Problem details:
Down to the last line, print the data that follows exactly, without its pictures.

Exercise data:
┏━━

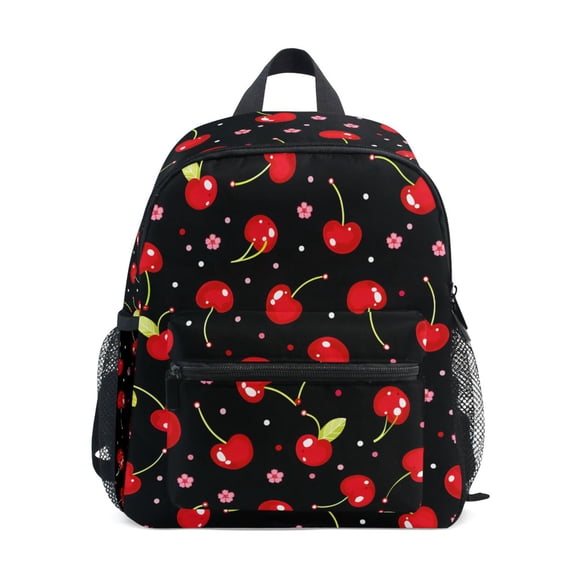 ALAZA Cherry Floral Black School Backpack Small Bookbag Mini Bags
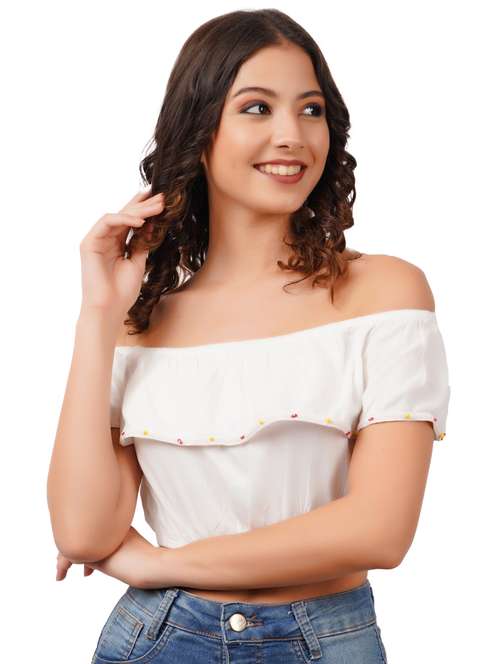 women's crop off shoulder top - 18431275 -  Standard Image - 0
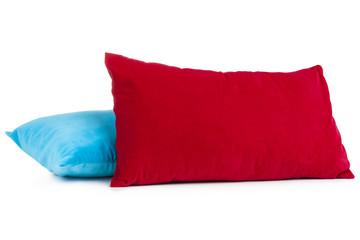 red and blue pillows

┗━━

Result for this exercise:
 ALAZA Cherry Floral Black School Backpack Small Bookbag Mini Bags
 women's crop off shoulder top - 18431275 -  Standard Image - 0
 red and blue pillows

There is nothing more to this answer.